In code that stores and manipulates indexes into slices (custom hash maps, some compression code, string searching/indexing, etc) it is common to manipulate and store these indexes in types that are not usize. It is unnecessarily verbose and potentially error-prone to litter all the indexing operations with as usize
.
Since indexing with other kinds of integer types is well defined and usually[1] has the same runtime overheads, I think SliceIndex should be implemented for all integer types. Rust tries to make integer casting explicit and annoying for a reason, but indexing with bounds checks is well defined and should not look scary.
Implementing this would look different depending on the type:
- Indexing with u8s: All values are clearly feasible, upcast to usize and do the normal bounds check.

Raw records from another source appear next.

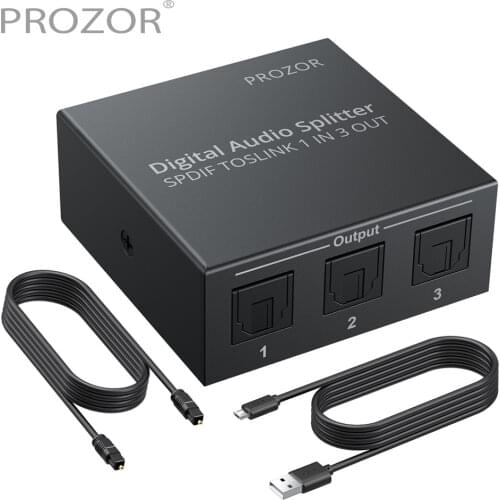 PROZOR 3 Way Spdif Toslink Optical Digital Audio Splitter One input 3 Outputs Optical Splitter Support for LPCM2.0 DTS -AC3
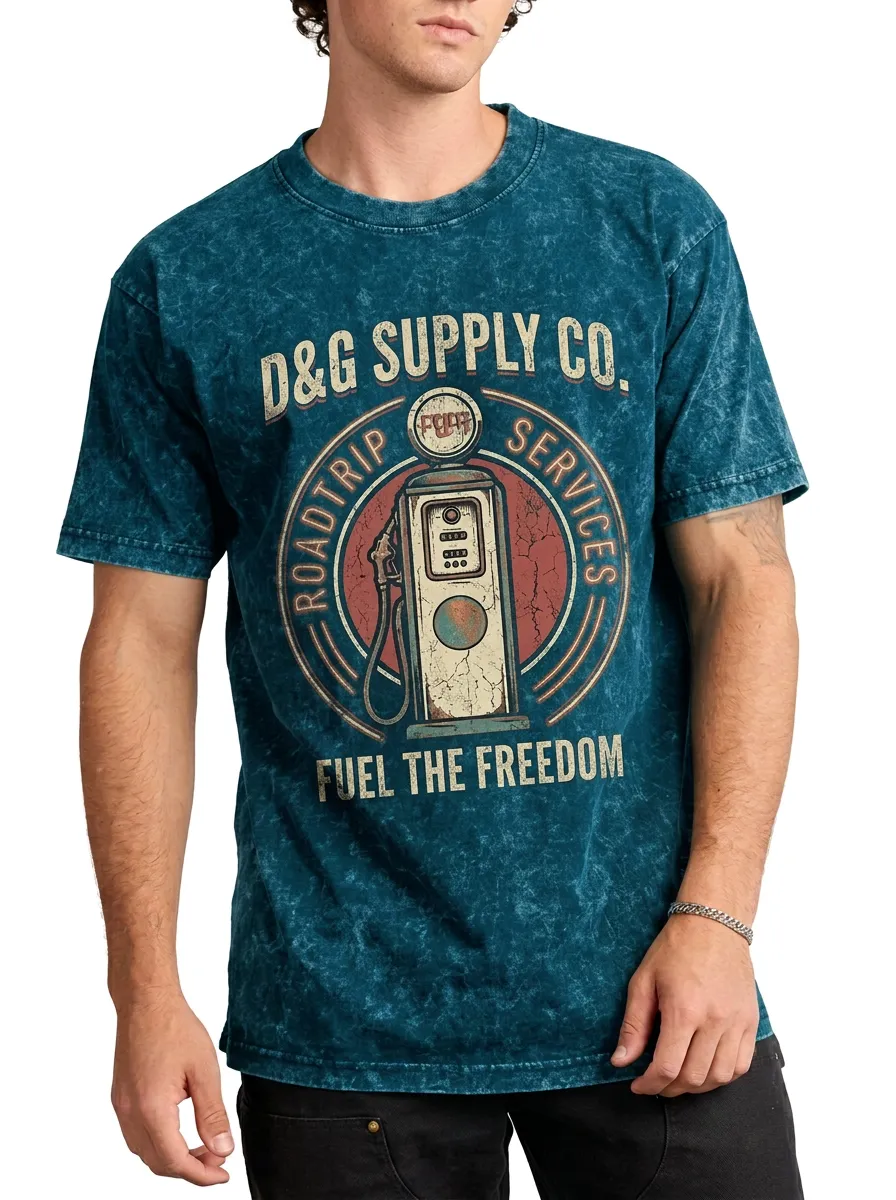 Men's Vintage Roadtrip Gas Pump Printed Mineral Wash T-shirt
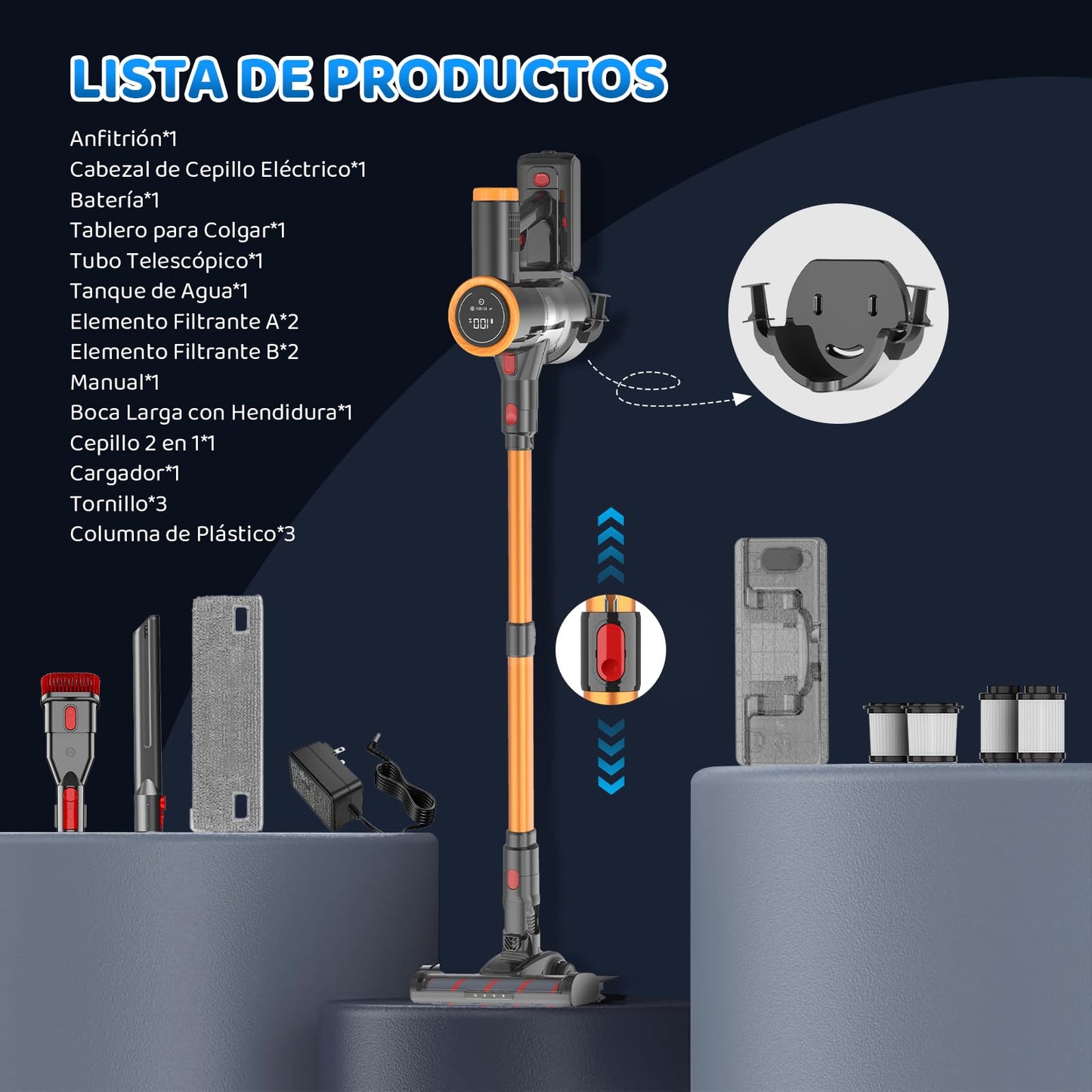 FAGHTO Aspiradora Inalambrica, Aspiradora de Mano y Vertical 2 en 1, 30KPa/350W Aspiradoras para el Hogar, Potente Succión,con Cepillo Sin Enredos,1L Taza para Polvo,para Pelo de Mascotas/Alfombra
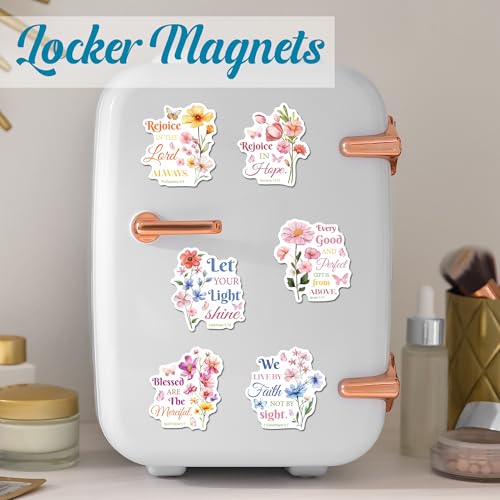 16 imanes bíblicos con diseño floral decorativo miniatura 7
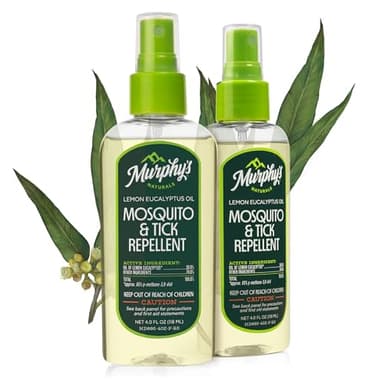 Murphy's Naturals Mosquito & Tick Bug Repellent Spray, Oil of Lemon Eucalyptus for Skin + Outdoor Gear, DEET-Free, 4 Ounce Pump, 2-Pack - Image 1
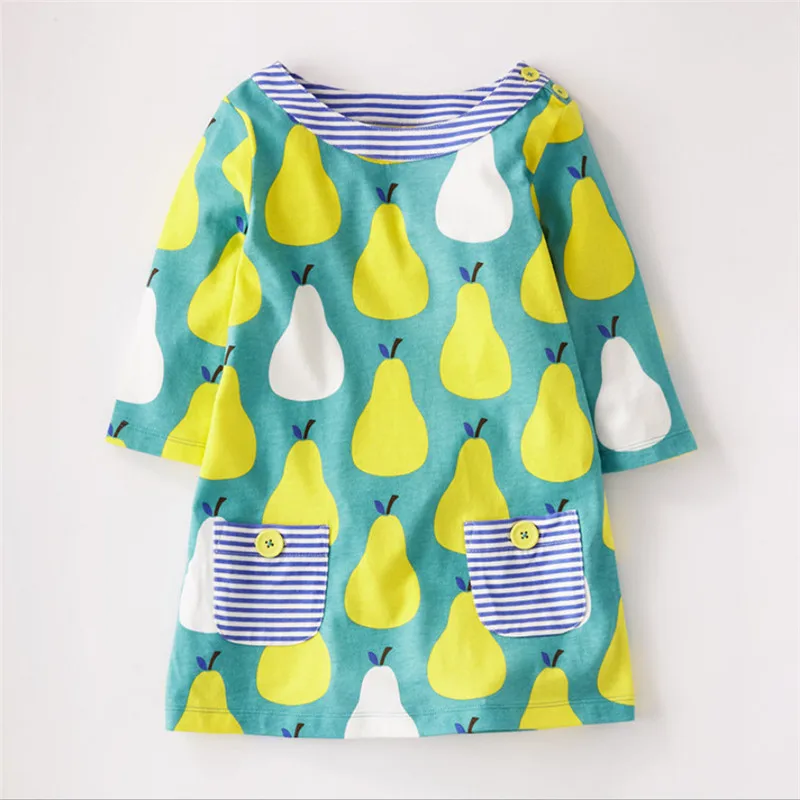 TS0403 PEARS Платья с длинными рукавами; одежда принцессы для девочек; платья для малышей; милая детская одежда из хлопка; сезон осень-весна; Детские платья; вечерние платья - Цвет: TS0403 PEARS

- Indexing with u64s: The value may exceed the range of usize. Current code that converts to usize could be wrapping accidentally. We should do the bounds check before downcasting to usize.
- Indexing with negative integers: Negative values should fail the check. So first cast to usize then performing the normal check. Negative numbers underflow into very large usize values that are way out of bounds. This is currently what happens when code is littered with
as usize
for all indexing operations.
[1] The only case that I'm aware of where this breaks is with i32 indexing on a 32-bit system with an array of bytes > 2GiB. Some negative numbers may underflow into valid indexes. We could actually fix this current potential for bugs by encouraging i32-manipulating code to use direct slicing without coercing to usize. There would be an additional bounds check for under zero in the special case of negative index type on u8 slices on under-64-bit systems. People don't like extra bounds checks though, so I'm open to other options here.
Previous activity I've seen about this topic are about auto-coercing other integer types to usize before indexing (e.g. https://github.com/rust-lang/rfcs/issues/1842). I'm not entirely sure why those have been abandoned, but this is a slightly different solution that allows different implementations for different types for correctness and performance.